Almost a year after its founder announced it, the instant messaging app is adding the option to advertise for a fee on channels. But these are not the ads you’re used to from Facebook or Google
In December of last year, Telegram founder Pavel Dorov announced that in order to continue its financial presence, its platform would add premium features such as ads and paid sticker packs – and it’s happening now. Telegram opens its advertising platform to individuals and organizations, and this is how it will work.
Not the commercials you know from other places
Telegram’s new advertising platform is now available to anyone who wants to get started and reach new audiences with their instant messaging app – which has 500 million monthly active users and produces nearly half a trillion pieces of content per month on those channels.
The new platform will allow those who want to advertise on Telegram to reach many Telegram users who are on public channels with more than 1,000 users, and they won’t run into public or private groups. The Telegram platform will give advertisers the ability to select the types of channels they want to target and the channel languages that interest them. Additionally, advertisers can choose specific channels to target, and which channels or topics they don’t want their ads to show on.
Telegram repeats what Durov said about adding ads to the platform: The company only allows advertising based on channel types and languages and does not allow direct targeting of users, as it does not plan to collect user information about users. ads. “No user information is collected or analyzed for advertising, and every user on a particular Telegram channel sees the same sponsored message,” reads the page showing the Telegram advertising platform, which has chosen to give the ads the washed-up name “Spam.”

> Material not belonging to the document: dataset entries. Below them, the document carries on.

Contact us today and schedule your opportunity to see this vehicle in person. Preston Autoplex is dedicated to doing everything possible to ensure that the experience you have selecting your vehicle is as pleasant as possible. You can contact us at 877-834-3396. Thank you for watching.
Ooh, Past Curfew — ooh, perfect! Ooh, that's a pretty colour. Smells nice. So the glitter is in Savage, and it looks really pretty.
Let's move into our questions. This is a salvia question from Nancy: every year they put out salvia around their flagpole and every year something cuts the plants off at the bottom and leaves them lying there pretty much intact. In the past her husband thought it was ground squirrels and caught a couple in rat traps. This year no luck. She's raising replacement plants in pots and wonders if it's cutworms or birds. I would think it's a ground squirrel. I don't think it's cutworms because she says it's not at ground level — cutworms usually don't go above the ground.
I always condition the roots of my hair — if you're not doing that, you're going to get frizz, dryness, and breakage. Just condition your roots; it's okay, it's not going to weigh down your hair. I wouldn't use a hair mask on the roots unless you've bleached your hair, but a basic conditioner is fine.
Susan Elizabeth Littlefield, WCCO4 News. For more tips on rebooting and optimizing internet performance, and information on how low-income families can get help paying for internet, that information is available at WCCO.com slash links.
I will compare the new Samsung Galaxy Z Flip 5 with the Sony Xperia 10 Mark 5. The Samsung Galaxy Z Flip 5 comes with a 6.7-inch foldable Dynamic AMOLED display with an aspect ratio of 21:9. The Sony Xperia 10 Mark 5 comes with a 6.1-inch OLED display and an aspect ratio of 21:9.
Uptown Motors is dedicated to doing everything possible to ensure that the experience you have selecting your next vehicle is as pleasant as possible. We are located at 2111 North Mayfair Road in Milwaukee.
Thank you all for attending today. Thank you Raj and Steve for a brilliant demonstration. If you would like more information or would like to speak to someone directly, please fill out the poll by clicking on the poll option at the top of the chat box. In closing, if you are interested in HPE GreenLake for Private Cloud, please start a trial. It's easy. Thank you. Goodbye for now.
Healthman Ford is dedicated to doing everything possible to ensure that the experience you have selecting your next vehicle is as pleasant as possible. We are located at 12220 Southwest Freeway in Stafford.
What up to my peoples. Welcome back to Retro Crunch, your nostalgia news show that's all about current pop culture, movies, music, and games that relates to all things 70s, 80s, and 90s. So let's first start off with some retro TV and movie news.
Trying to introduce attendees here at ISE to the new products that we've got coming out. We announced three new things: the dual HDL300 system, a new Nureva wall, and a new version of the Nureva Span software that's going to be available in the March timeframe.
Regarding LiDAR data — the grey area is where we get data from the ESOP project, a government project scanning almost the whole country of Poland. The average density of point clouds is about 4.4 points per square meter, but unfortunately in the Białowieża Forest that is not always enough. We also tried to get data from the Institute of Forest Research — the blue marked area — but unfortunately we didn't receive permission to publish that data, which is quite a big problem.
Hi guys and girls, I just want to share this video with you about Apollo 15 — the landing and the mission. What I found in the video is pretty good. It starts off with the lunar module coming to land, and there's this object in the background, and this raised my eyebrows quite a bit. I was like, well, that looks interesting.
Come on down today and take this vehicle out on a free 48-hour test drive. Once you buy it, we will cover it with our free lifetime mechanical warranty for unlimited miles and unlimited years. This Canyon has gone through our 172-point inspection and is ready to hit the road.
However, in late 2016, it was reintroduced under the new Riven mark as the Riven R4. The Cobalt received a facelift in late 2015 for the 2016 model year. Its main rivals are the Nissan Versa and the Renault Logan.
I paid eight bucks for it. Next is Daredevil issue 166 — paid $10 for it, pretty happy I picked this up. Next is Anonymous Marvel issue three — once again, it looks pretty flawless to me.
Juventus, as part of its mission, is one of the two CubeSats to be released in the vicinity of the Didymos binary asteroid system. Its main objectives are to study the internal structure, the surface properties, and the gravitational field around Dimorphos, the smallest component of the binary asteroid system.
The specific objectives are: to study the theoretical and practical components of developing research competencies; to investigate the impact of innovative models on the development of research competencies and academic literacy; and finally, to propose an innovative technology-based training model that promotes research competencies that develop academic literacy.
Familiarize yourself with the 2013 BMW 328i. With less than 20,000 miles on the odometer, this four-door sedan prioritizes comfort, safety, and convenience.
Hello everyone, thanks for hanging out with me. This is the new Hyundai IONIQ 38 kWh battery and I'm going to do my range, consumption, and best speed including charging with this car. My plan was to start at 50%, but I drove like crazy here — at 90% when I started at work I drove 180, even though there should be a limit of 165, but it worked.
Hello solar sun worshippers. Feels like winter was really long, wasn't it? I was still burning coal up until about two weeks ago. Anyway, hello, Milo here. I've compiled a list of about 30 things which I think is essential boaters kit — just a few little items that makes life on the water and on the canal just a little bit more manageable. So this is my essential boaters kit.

Telegram also states that in addition to not allowing direct targeting, since it does not collect any information about the user or analyze their actions after they have been clicked, it will also not allow ads to be sent to external links. The reason, according to Telegram, is to ensure that third-party entities cannot track users of the platform: “Anon believes that everyone has a right to privacy, and technology platforms should respect that.”
With the platform still in its infancy, in what Telegram calls only “test mode”, once it’s fully active – Telegram will start sharing the revenue from these ads with owners of channels that will allow ads. The fine print is that this split will not take place until after Telegram has “covered its basic expenses”.
Telegram has also streamed a complete guide for an advertiser starting from a platform detailing how to create an ad from scratch, an ad budget topic, and how advertisers know if their ads are on-air, vetted by Telegram staff, or lacking the budget to follow through with an ad. The guide is here.